For immediate release
Thursday, April 1, 2004
Contact:
Joan Eve Quinn, 914-378-2436

CONSUMERS UNION APPLAUDS INSTITUTE OF MEDICINE’S DIETARY SUPPLEMENT GUIDELINES RELEASED TODAY

YONKERS, NY, April 1, 2004–Consumers Union, the independent, non-profit publisher of Consumer Reports, urges the Food and Drug Administration (FDA) and Congress to adopt the Institute of Medicine’s science-based guidelines for evaluating the safety of dietary supplements released today.
We strongly agree with the Institute’s recommendation that the Dietary Supplement Health and Education Act (DSHEA) should be revised to require manufacturers and distributors to report serious adverse events associated with use of their dietary supplements to the FDA in a timely manner. We also strongly agree that DSHEA must provide adequate resources to collect and analyze information to protect consumers from unreasonable risks than can be associated with dietary supplements.

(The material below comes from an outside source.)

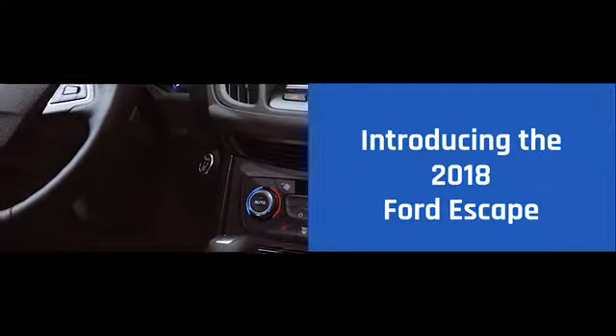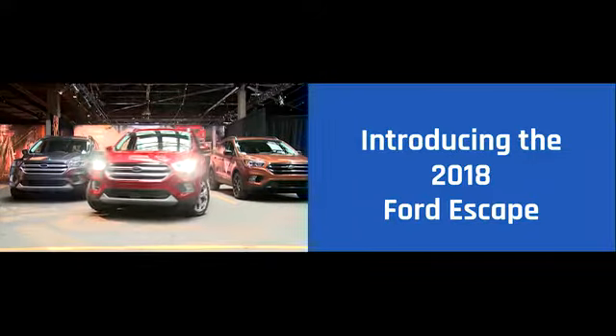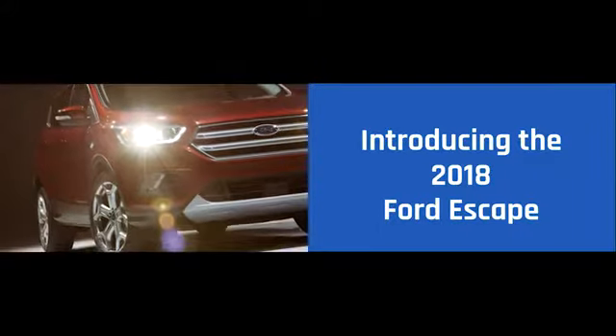The 2018 Escape is equipped with Auto Start Stop technology, available Enhanced Active Park Assist, a lane keeping system, adaptive cruise control and a hands-free, foot-activated liftgate. All here to help you on your journey.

Consumers Union also supports the recommendation that supplement makers and manufacturers should be required to provide the FDA with all available safety data, both favorable and unfavorable, on their new products well in advance of marketing them.
The Institute of Medicine addresses the two most important public health issues at stake here: Dietary supplement safety, which Consumers Union has been writing about for nine years, and that reporting of adverse events by the manufacturer to the FDA must be made mandatory.
Dr. Marvin M. Lipman, Consumers Union’s Chief Medical Adviser, stated, “If the FDA and Congress see the wisdom of adopting the Institute of Medicine’s guidelines, it will bring legitimacy and science into what is now a totally chaotic marketplace. In the long run lives will be saved.”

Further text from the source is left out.